1) McEwen LM. EPD and Allergy (2003). McEwen Laboratories, Pangbourne, pA13.12

Appendix: Nutritional notes from Margaret Moss

I assessed David’s various problems, to guide my nutritional advice.

He keeps fairly much to a stone age diet, which limits the extent to which he can reduce purines. He tried having more of the lower purine meats and fishes, with no apparent benefit. I suggested he avoid alcohol. Wine and beer are both reported to increase the incidence of gout attacks. Beer contains guanosine, a nucleoside, containing the pentose ribose and the purine guanine. However, intake of wine appears to be as much related to gout as intake of beer. I advised David to minimise his fructose intake, whether from fruit or sucrose. Sucrose is a disaccharide, made of fructose and glucose. Fructose intake is strongly associated with gout. In addition, fructose glycates LDL more than glucose, leading to atherosclerosis.

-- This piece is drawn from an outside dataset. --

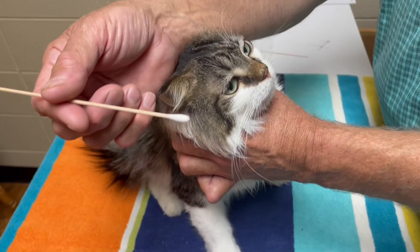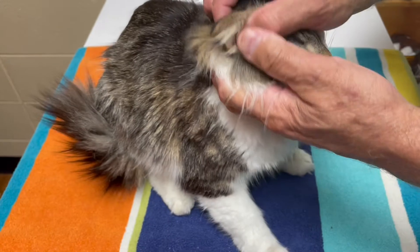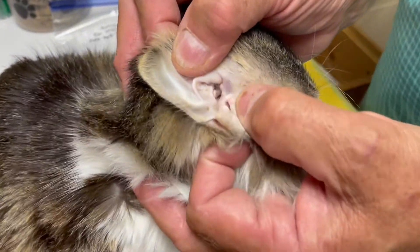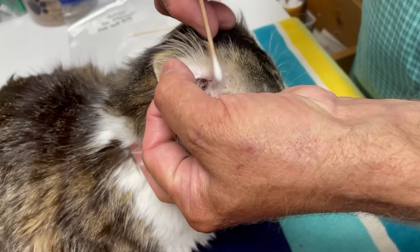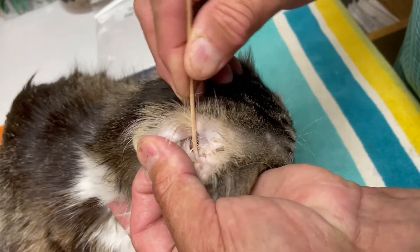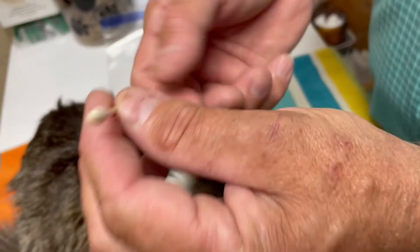We're going to start by taking our q-tip. Ours looks a little bit different than what you're going to find at the store, but whatever you have at your house will work perfectly. Dr. Molitor is going to gently open up Junior's ear to expose his ear canal. Take that q-tip and gently rub it back and forth in the ear canal. Make sure you never lose sight of the tip of the q-tip.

Too much or too little molybdenum is associated with gout. Xanthine oxidase and dehydrogenase are molybdenum containing enzymes, involved in making uric acid. Molybdenum supplements are to be avoided in gout, unless there is laboratory evidence of deficiency. Folic acid inhibits xanthine oxidase, as well as recycling homocysteine, a substance thought to cause artery damage. High dose vitamin B3 as nicotinic acid (niacin) is to be avoided, as it competes with uric acid for renal excretion. Vitamin A supplements are to be avoided, as aldehyde oxidase and aldehyde dehydrogenase convert retinol to the more toxic retinoic acid. Aldehyde oxidase is another molybdenum enzyme, and may be particularly active in those with highly active xanthine oxidase. Moreover, retinoic acid increases the synthesis of S-adenosylhomocysteine from S-adenosylmethionine, leading to increased homocysteine production. Plasma zinc may be deceased during gout attacks, and zinc is needed for making all cells, including those of the immune system. So those like David who are prone to infections should make sure their zinc intake is adequate. Vitamin B12 and B6 also lower homocysteine. Vitamin B6 depends on vitamin B2, zinc, and magnesium, and magnesium depends on vitamin B1. Magnesium inhibits blood clotting and vascular muscle contraction. Vitamins E and C and beta carotene have been found to be negatively associated with endothelial tissue damage.

Vitamin E reduces clotting. Vitamin C in men is inversely associated with serum uric acid. Low vitamin D is associated with all-cause and cardiovascular mortality. L-lysine may act against established atherosclerotic plaque, and is needed to make L-carnitine, the amino acid that transports long chain fatty acids into mitochondria for beta oxidation, to make energy for cells, including heart cells.

I therefore asked David to take

Health Plus Multivitamins Without Vitamin A (and without molybdenum), 1 with breakfast
Solgar magnesium 100 mg as amino acid chelate,1 twice a day
Solgar folic acid 400 mcg, 1 a day
Lamberts L-lysine 500mg, 1 a day
Lamberts zinc 15 mg as citrate, 1 at bedtime
Solgar vitamin E 200 IU, 1 with evening meal
Higher Nature vitamin D 500 IU, 1 with evening meal.